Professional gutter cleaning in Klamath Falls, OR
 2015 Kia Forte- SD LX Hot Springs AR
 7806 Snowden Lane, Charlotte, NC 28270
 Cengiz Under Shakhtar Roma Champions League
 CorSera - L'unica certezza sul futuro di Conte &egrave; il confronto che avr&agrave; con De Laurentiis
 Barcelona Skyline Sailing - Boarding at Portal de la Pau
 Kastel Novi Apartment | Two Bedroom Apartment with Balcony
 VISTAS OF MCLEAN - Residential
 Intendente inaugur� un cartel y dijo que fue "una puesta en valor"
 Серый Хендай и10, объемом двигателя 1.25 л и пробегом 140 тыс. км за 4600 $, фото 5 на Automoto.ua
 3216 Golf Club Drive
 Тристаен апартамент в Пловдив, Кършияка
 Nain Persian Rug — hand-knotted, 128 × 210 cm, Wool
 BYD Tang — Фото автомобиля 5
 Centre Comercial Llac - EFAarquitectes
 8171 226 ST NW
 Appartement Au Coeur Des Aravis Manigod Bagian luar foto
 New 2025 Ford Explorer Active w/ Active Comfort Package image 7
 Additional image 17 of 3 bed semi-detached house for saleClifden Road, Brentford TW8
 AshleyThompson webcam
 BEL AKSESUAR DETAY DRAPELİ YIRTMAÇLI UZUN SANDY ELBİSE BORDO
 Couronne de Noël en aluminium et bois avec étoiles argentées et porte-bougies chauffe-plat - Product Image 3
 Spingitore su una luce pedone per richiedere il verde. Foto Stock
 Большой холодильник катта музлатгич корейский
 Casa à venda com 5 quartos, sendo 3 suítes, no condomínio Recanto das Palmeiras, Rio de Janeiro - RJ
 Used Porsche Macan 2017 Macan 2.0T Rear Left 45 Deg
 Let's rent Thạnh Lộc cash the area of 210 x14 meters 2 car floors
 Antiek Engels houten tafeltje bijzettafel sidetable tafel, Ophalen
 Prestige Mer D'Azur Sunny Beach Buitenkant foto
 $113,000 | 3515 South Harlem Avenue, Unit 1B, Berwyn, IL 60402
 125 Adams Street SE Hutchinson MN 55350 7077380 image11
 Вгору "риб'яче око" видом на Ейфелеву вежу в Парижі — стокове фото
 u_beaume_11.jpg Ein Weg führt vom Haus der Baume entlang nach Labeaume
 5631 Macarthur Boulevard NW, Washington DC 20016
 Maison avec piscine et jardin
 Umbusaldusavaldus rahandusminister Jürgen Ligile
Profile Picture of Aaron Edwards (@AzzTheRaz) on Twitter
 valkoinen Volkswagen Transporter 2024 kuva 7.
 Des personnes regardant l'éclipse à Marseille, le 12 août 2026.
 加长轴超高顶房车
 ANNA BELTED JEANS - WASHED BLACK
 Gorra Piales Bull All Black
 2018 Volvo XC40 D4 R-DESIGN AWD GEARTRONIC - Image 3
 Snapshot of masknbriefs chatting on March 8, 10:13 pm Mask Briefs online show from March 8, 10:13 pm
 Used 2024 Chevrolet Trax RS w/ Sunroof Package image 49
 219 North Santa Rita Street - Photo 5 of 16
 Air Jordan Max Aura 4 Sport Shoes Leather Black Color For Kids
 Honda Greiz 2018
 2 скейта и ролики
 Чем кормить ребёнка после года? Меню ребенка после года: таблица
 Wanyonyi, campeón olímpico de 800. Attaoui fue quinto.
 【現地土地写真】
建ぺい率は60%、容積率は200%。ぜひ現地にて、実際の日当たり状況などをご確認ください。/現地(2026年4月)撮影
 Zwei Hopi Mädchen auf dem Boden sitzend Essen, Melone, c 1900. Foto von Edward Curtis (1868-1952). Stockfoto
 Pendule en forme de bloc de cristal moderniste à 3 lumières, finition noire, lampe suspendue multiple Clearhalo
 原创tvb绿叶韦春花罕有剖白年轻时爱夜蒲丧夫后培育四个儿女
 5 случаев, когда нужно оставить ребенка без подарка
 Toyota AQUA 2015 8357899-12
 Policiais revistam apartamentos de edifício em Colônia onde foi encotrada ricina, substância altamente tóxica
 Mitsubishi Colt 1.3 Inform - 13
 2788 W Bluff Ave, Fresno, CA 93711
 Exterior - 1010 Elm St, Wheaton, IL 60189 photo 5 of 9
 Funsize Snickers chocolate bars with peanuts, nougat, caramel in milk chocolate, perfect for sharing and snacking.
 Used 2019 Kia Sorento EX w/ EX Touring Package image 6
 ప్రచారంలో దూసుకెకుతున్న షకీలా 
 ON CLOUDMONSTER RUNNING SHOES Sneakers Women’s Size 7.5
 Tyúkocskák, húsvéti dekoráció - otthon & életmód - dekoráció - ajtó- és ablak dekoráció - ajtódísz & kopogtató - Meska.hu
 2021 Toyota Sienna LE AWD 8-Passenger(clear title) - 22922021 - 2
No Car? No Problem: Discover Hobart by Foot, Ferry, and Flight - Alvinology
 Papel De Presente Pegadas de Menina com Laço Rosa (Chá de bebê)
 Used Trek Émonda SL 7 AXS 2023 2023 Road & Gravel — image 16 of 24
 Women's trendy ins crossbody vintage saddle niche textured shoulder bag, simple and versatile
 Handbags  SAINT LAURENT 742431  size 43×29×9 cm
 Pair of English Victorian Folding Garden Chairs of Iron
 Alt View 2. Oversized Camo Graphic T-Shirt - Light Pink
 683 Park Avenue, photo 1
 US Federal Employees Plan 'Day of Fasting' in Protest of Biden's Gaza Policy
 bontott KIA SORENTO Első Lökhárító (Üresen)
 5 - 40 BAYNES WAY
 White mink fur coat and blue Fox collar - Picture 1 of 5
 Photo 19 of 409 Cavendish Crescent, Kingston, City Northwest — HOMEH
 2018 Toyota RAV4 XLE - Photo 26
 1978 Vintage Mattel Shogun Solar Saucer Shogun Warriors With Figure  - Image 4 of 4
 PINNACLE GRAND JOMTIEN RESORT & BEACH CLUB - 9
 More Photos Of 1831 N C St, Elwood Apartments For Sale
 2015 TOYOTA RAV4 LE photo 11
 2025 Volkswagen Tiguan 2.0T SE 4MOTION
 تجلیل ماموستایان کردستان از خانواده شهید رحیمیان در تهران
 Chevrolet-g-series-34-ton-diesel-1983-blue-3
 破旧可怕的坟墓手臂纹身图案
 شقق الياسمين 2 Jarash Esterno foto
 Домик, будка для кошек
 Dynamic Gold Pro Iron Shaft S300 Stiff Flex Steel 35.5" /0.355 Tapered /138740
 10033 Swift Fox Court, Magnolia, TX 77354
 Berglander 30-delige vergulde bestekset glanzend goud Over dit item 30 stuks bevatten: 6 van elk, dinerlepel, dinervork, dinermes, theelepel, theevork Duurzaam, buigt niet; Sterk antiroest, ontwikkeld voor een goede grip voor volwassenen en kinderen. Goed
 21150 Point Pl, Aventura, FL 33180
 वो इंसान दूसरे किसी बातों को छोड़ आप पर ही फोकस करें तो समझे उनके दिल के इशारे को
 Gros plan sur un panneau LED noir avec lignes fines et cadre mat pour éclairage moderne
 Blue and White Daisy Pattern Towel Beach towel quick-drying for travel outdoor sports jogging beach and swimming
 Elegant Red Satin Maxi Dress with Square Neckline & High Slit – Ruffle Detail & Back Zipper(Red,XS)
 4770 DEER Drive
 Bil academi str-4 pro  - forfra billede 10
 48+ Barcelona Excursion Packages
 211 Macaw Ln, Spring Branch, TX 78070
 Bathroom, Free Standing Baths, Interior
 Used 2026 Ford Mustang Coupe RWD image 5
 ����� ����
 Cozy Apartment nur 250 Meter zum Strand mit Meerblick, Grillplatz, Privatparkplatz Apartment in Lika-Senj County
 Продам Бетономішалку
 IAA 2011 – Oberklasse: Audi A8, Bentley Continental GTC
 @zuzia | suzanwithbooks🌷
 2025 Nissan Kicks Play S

=== TASK ITEM ===
Please give a word-for-word repetition of the lines from the one containing "Bathroom, Free Standing Baths, Interior" through the last line of the data above, including both, and nothing besides.

=== SOLUTION FOR THIS EXERCISE ===
 Bathroom, Free Standing Baths, Interior
 Used 2026 Ford Mustang Coupe RWD image 5
 ����� ����
 Cozy Apartment nur 250 Meter zum Strand mit Meerblick, Grillplatz, Privatparkplatz Apartment in Lika-Senj County
 Продам Бетономішалку
 IAA 2011 – Oberklasse: Audi A8, Bentley Continental GTC
 @zuzia | suzanwithbooks🌷
 2025 Nissan Kicks Play S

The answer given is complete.